Quelques jours après, M. Pêchereau avait terminé le laborieux examen des papiers de Mme d’Orbigny. Il entra presque joyeux dans ce même salon que tant de jeux avaient égayé. — Bonne nouvelle ! cria-t-il à Marthe ; vous êtes moins pauvres que vous ne croyez !

— Ah bah ! dit Marthe.

— La Grisolle est à vous. Toutes les dettes payées, la terre vous appartient.

— Eh bien ! répliqua Marthe gaiement, nous voilà donc à la tête de cinquante cerisiers.

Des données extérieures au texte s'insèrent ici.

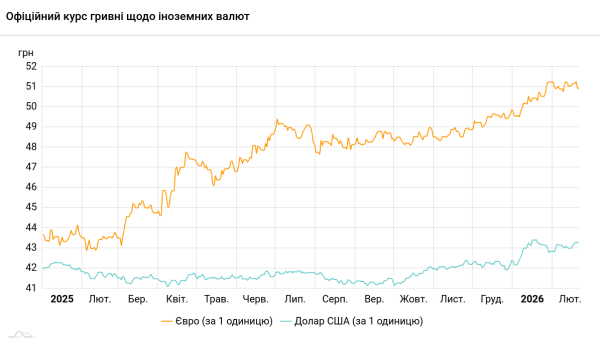 НБУ с начала года потратил почти $5,7 млрд на поддержку гривны, полностью остановив покупку валюты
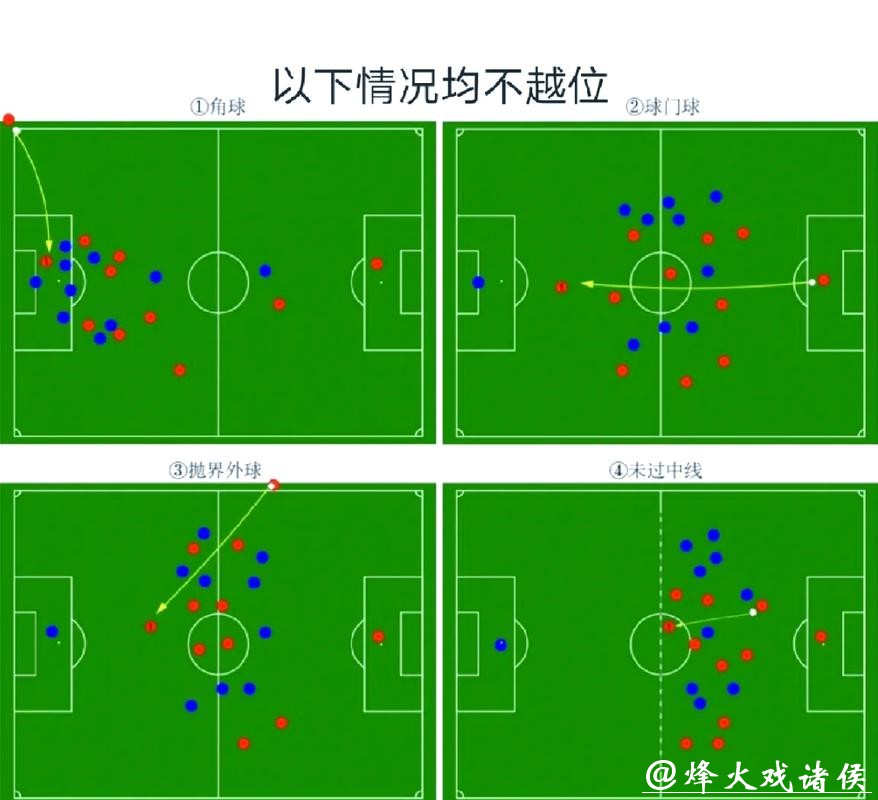 世界杯外围：了解越位及其对比赛的影响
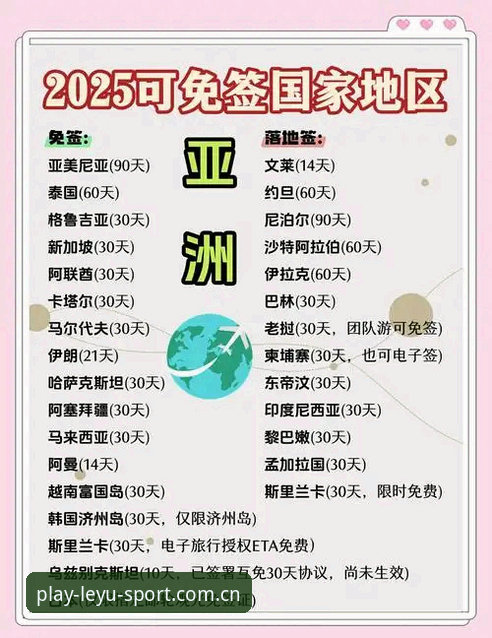 乐鱼体育服务 世界杯观赛签证难题实用指南:乐鱼体育带你看懂约旦土耳其球迷困境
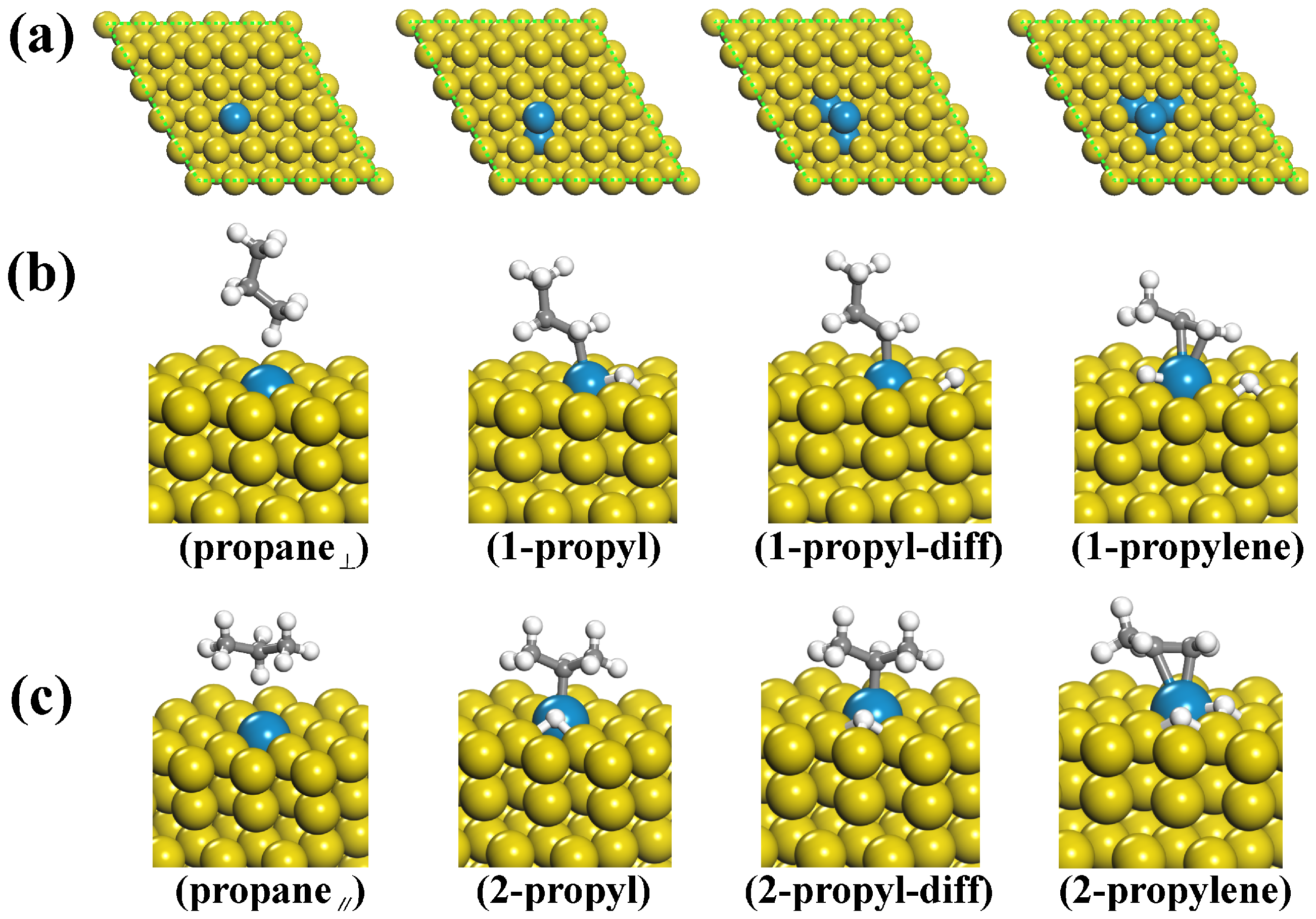 Molecules 23 00126 g001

Le mot de M. Pêchereau était un peu ambitieux. La Grisolle était moins une terre qu’une métairie d’une centaine d’arpens, contiguë à un petit bois qui rapportait des rondins et des bourrées ; elle faisait partie d’un domaine important dont M. d’Orbigny avait autrefois dévoré les fermes et les étangs. Les cinquante cerisiers auxquels Marthe faisait allusion dressaient leurs têtes rondes dans un enclos dont jadis les deux sœurs avaient mis au pillage les treilles et les espaliers. Tout à côté on voyait une maison exposée au midi, gaie à l’œil, tapissée de pampres et de rosiers, assez vaste pour loger convenablement sept ou huit personnes, et proprement meublée. Dès le lendemain, Marthe et Marie visitèrent en détail le domaine que les hasards d’une succession laissaient libre. Ce n’était pas un château ; l’enclos aux cerisiers tenait lieu de parc, un bout de prairie qu’ombrageaient de gros noyers s’étendait devant la maison ; pour les promenades, on avait la forêt voisine ; d’une éminence qui protégeait La Grisolle contre les vents du nord et que couronnaient des arbres séculaires, on jouissait d’une vue magnifique. Les bruyères rougies par le soleil, les bouleaux épars aux bords des étangs, le rideau sombre des futaies prêtaient à ces paysages une grâce mélancolique qui en relevait la beauté. Les yeux clairs de miss Tempête eurent fait le tour du domaine en deux secondes. Elle sourit. — On ne peut pas dire que ce soit le jardin des Tuileries, dit-elle, et la foule ne s’y presse pas… Cependant on y peut vivre, et il nous est arrivé d’y rire de bon cœur ! — En faisant la visite des appartemens, elle découvrit un piano qui, par un miracle d’entêtement, n’avait pas encore perdu l’accord. En une minute, une valse pétilla sous ses doigts et remplit la maison d’un vol éclatant de notes joyeuses. — À ton tour, reprit Marthe en poussant Marie sur le tabouret ; je vais danser avec M. Pêchereau ; la Javiole passera les rafraîchissemens.

— Le bal ne lui sort pas de la tête ! dit Marie en soupirant.